Fakihler, Resûl-i Ekrem ve ashaptan rivayet edilen uygulamalara dayanarak (Buhârî, “Ḥac”, 60; Müslim, “Ḥac”, 249-250; Ebû Dâvûd, “Menâsik”, 46) tavaf sırasında Hacerülesved’i sünnete uygun şekilde ziyaret etmenin (istilâm) ona el ile dokunup öpmekle gerçekleştiği konusunda görüş birliği içindedir.
Hacerülesved’i istilâm ederken tekbir getirilmesi de aynı gerekçe ile (Buhârî, “Ḥac”, 62) müstehap sayılmıştır. Fakihlerin çoğunluğuna göre, tavafın her şavtında yapılan istilâm esnasında tekbir getirilirken eller havaya kaldırılır, Mâlikî mezhebine göre ise bu gerekli değildir. Öpme veya el ile dokunma suretiyle istilâm etme imkânı bulunamadığı veya bunun zor olduğu durumlarda uzaktan işaret ederek istilâm yapılabilir. Bunu yaparken avuç içleri Hacerülesved’e doğru kaldırılır ve sanki taşa dokunuyormuş gibi hafifçe hareket ettirilir. Bu hareketin ardından tekbir getirilerek avuç içi öpülür.
Tavafta izdiham olduğu zaman Hacerülesved’in öpülmesi veya ona dokunulması için başkalarına eziyet edilmemesi gerekir. Bu durumda uzaktan işaretle istilâm etmek daha uygundur. Çünkü Hacerülesved’e dokunmak sünnet, başkalarına zarar vermekten kaçınmak ise vâciptir. Nitekim Hz. Peygamber, Vedâ haccının tavafında Hacerülesved’i elindeki değnekle işaret ederek istilâm ettiği gibi (Buhârî, “Ḥac”, 58; Müslim, “Ḥac”, 254) Hz. Ömer’i de insanlara eziyetten sakınarak uzaktan istilâm konusunda uyarmıştır (Müsned, I, 28).

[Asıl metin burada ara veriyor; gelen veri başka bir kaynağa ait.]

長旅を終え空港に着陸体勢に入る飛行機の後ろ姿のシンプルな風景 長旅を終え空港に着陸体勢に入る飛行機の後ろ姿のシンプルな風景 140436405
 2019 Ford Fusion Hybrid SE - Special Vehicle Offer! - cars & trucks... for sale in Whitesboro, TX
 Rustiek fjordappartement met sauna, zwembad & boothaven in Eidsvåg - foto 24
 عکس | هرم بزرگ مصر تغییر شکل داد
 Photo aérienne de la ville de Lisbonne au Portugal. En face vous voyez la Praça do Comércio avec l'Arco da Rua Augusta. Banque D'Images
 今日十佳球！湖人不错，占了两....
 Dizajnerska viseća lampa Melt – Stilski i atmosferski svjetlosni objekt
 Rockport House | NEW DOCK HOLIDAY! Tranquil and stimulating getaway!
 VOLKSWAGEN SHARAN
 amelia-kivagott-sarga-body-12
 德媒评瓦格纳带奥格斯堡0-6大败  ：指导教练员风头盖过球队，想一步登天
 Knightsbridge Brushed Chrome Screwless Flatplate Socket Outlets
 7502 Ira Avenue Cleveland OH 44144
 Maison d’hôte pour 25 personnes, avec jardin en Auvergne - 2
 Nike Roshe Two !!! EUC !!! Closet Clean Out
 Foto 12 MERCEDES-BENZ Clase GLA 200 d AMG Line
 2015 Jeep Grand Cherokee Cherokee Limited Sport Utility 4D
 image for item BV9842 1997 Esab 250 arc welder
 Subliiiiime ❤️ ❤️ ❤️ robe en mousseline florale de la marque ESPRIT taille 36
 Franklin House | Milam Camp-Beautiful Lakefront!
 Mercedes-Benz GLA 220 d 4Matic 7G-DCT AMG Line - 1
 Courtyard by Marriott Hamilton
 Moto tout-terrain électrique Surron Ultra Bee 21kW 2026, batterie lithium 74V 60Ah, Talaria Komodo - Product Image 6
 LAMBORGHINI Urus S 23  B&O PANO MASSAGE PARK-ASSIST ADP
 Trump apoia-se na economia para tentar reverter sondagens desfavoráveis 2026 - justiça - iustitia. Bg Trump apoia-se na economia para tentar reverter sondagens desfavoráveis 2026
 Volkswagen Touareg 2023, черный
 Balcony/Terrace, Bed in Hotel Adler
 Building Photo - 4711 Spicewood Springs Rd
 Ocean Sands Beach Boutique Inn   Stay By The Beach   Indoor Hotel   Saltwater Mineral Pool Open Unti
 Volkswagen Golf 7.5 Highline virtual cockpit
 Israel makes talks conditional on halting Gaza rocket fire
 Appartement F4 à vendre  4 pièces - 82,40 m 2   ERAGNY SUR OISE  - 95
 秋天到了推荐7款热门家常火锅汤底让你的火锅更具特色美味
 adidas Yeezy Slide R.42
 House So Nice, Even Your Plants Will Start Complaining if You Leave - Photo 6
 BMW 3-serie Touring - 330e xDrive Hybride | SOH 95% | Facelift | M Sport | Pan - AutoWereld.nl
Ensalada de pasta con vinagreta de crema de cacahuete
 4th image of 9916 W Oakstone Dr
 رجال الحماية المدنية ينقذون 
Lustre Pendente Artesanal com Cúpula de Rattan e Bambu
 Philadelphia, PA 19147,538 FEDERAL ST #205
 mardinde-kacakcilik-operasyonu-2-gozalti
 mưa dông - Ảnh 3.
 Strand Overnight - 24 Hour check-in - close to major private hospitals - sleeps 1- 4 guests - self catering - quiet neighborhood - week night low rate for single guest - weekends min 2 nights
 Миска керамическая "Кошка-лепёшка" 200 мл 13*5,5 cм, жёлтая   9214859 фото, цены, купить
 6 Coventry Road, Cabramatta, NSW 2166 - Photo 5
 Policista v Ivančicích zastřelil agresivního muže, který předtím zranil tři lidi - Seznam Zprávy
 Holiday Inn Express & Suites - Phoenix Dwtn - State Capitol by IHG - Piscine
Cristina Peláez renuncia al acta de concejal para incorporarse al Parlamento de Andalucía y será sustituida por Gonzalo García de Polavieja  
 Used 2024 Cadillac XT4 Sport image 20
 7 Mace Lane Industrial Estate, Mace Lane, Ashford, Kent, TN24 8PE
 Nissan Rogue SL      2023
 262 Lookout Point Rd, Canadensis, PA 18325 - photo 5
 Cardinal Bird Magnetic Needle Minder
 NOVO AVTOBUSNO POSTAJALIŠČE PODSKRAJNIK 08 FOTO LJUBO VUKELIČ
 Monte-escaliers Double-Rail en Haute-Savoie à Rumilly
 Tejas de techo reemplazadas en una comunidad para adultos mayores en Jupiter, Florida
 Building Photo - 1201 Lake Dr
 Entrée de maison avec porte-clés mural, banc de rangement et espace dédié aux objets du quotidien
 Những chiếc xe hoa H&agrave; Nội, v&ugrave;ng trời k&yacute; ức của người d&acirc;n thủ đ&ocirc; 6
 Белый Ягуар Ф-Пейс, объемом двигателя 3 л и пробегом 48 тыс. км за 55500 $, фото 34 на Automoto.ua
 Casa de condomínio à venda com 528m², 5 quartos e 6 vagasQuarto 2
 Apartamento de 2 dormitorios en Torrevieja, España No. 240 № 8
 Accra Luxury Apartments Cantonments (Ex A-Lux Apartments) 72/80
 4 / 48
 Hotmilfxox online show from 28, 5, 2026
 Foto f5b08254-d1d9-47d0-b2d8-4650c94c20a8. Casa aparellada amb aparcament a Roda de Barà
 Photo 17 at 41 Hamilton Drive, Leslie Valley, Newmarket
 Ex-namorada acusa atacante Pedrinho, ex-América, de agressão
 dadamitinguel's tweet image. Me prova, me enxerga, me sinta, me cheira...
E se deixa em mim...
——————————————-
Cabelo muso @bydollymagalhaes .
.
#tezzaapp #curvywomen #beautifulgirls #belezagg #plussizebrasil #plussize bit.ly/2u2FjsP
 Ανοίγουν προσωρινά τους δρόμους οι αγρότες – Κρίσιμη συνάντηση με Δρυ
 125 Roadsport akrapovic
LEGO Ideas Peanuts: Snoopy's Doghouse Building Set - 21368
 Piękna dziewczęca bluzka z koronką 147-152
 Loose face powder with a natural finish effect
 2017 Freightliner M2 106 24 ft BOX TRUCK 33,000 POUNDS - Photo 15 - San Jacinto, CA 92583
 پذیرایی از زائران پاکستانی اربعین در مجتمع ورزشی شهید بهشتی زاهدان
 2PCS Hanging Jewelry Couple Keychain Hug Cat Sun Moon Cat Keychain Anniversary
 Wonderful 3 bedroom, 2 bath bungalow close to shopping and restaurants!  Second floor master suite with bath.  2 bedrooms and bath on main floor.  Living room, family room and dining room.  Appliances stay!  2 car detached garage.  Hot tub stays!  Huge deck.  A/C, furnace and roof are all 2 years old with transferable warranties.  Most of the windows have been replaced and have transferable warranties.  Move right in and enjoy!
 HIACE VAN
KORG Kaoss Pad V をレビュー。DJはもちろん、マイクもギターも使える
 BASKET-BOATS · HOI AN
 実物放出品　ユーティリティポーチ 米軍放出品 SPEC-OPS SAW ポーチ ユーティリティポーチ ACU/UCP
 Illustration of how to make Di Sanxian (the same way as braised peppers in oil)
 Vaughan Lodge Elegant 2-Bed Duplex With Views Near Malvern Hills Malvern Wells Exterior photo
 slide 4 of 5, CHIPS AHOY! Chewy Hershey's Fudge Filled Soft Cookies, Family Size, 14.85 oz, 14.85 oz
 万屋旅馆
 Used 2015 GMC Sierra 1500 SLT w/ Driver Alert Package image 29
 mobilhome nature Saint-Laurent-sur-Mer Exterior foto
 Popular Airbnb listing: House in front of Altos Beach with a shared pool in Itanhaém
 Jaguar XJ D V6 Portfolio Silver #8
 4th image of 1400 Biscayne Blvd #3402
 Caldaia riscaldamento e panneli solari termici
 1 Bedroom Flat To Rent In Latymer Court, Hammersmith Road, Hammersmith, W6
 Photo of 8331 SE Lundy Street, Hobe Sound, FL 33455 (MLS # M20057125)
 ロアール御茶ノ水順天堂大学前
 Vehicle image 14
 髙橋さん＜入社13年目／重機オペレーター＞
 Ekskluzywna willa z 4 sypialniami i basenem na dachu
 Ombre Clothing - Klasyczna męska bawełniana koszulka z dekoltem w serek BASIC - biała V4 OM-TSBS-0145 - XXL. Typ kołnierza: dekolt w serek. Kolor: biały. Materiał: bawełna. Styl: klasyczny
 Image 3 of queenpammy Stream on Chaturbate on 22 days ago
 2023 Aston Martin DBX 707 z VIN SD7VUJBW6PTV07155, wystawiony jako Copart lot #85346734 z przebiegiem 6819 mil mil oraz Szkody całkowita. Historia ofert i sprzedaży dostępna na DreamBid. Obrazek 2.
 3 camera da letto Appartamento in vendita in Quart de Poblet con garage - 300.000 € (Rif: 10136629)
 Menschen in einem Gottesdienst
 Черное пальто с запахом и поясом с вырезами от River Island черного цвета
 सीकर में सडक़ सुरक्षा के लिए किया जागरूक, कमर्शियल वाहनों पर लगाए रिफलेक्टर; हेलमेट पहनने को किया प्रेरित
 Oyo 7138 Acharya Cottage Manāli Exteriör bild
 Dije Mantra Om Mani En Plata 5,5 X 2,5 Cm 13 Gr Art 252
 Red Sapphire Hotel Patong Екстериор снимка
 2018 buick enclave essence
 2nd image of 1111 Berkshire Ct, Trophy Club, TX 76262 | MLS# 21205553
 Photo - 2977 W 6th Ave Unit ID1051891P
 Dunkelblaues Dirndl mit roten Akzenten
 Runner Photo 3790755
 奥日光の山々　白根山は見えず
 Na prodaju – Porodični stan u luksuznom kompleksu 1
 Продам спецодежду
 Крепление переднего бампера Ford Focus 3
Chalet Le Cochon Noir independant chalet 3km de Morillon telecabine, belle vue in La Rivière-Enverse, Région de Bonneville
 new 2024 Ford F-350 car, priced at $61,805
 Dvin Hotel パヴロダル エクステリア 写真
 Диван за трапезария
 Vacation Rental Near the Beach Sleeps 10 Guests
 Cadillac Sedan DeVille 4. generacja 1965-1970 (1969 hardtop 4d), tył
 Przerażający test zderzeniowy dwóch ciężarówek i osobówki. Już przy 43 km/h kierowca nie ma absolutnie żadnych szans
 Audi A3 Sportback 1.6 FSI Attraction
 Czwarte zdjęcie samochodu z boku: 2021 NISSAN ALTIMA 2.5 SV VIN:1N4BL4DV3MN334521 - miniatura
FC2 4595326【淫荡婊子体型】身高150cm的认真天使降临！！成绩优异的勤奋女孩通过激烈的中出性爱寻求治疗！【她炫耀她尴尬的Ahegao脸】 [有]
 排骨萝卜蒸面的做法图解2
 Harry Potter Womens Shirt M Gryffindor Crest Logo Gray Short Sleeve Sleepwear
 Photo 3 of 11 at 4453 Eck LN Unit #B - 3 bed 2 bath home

Tavaf eden kişi Hacerülesved’i istilâm sırasında herhangi bir dua okuyabilir. Ancak Resûl-i Ekrem’den ve ashaptan gelen bazı rivayetlere (bk. Fâkihî, I, 97-110; Beyhakī, V, 79; Heysemî, III, 239-240) dayanan fakihlerin çoğunluğuna göre şu duanın okunması müstehaptır (Mv.F, XVII, 107): Bismillâhi vallāhü ekber. Allâhümme îmânen bike ve tasdîkan bi-kitâbike ve vefâen bi-ahdike ve’ttibâan li-sünneti nebiyyike Muhammedin sallallāhü aleyhi ve sellem (بسم الله والله أكبر. اللهم إيمانًا بك وتصديقًا بكتابك ووفاءً بعهدك واتباعًا لسنّة نبيك محمّدٍ صلى الله عليه وسلّم “Allah’ın adıyla. Allah en büyüktür. Allahım! Sana inanmamın, kitabını tasdik etmemin, ahdine vefa göstermemin ve peygamberin Muhammed’in sünnetine uymamın bir işareti olarak [Hacerülesved’i istilâm ediyorum]”).
Tavafta başlama noktasını gösterme şeklindeki pratik faydası yanında Hacerülesved’in bir de sembolik anlamı olup kaynaklarda bununla ilgili birçok rivayete yer verilir.
Hz. Ali’den nakledildiğine göre Hacerülesved, bezm-i elestte Allah’ın bütün insanlardan kendisini rab olarak tanımaları yönünde aldığı sözü (bk. el-A‘râf 7/172) içinde taşımakta olup ondan, bu ahde vefa gösterenler lehinde kıyamet günü şahitlikte bulunması istenecektir (Ezrakī, I, 324; Süheylî, II, 273).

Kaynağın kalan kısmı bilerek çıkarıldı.